File ~\miniconda3\envs\das\lib\site-packages\das\utils.py:126, in load_model_and_params(model_save_name, model_dict, custom_objects) 115 """[summary] 116 117 Args: (...) 123 keras.Model, Dict[str, Any]: [description] 124 """ 125 params = load_params(model_save_name) --> 126 model = load_model(model_save_name, model_dict=model_dict, custom_objects=custom_objects) 127 return model, params

File ~\miniconda3\envs\das\lib\site-packages\das\utils.py:43, in load_model(file_trunk, model_dict, model_ext, params_ext, compile, custom_objects) 41 try: 42 model_filename = _download_if_url(file_trunk + model_ext) ---> 43 model = keras.models.load_model(model_filename, 44 custom_objects=custom_objects) 45 except (SystemError, ValueError, AttributeError): 46 logging.debug('Failed to load model using keras, likely because it contains custom layers. Will try to init model architecture from code and load weights from _model.h5 into it.', exc_info=False)

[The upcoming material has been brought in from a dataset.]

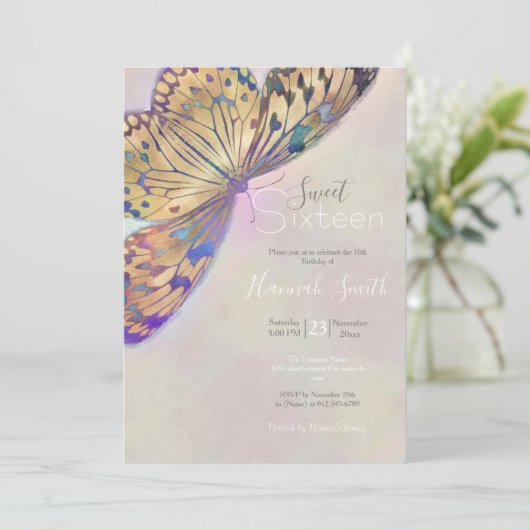 Gold Lila Blue Butterfly Pattern Einladung (Stehend Vorderseite)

File ~\miniconda3\envs\das\lib\site-packages\tensorflow\python\keras\saving\save.py:206, in load_model(filepath, custom_objects, compile, options) 204 filepath = path_to_string(filepath) 205 if isinstance(filepath, str): --> 206 return saved_model_load.load(filepath, compile, options) 208 raise IOError( 209 'Unable to load model. Filepath is not an hdf5 file (or h5py is not ' 210 'available) or SavedModel.')

File ~\miniconda3\envs\das\lib\site-packages\tensorflow\python\keras\saving\saved_model\load.py:122, in load(path, compile, options) 117 # TODO(kathywu): Add saving/loading of optimizer, compiled losses and metrics. 118 # TODO(kathywu): Add code to load from objects that contain all endpoints 119 120 # Look for metadata file or parse the SavedModel 121 metadata = saved_metadata_pb2.SavedMetadata() --> 122 meta_graph_def = loader_impl.parse_saved_model(path).meta_graphs[0] 123 object_graph_def = meta_graph_def.object_graph_def 124 path_to_metadata_pb = os.path.join(path, constants.SAVED_METADATA_PATH)

File ~\miniconda3\envs\das\lib\site-packages\tensorflow\python\saved_model\loader_impl.py:118, in parse_saved_model(export_dir) 116 raise IOError("Cannot parse file %s: %s." % (path_to_pbtxt, str(e))) 117 else: --> 118 raise IOError( 119 "SavedModel file does not exist at: %s%s{%s|%s}" % 120 (export_dir, os.path.sep, constants.SAVED_MODEL_FILENAME_PBTXT, 121 constants.SAVED_MODEL_FILENAME_PB))

OSError: SavedModel file does not exist at: normalized_FR.res/20220921_104822_model.h5{saved_model.pbtxt|saved_model.pb}

`

postpop commented 2 years ago

Thanks for giving this a try.

Looks like it just fails to train - loss is nan. Does the same model work when using the regular training?

Something like this?

das.train_tune.train(data_dir='normalized_FR.npy', save_dir='normalized_FR.res', kernel_size=16, nb_epoch=4, nb_filters=32)
postpop commented 2 years ago

I'll test this on my side as well just to make sure.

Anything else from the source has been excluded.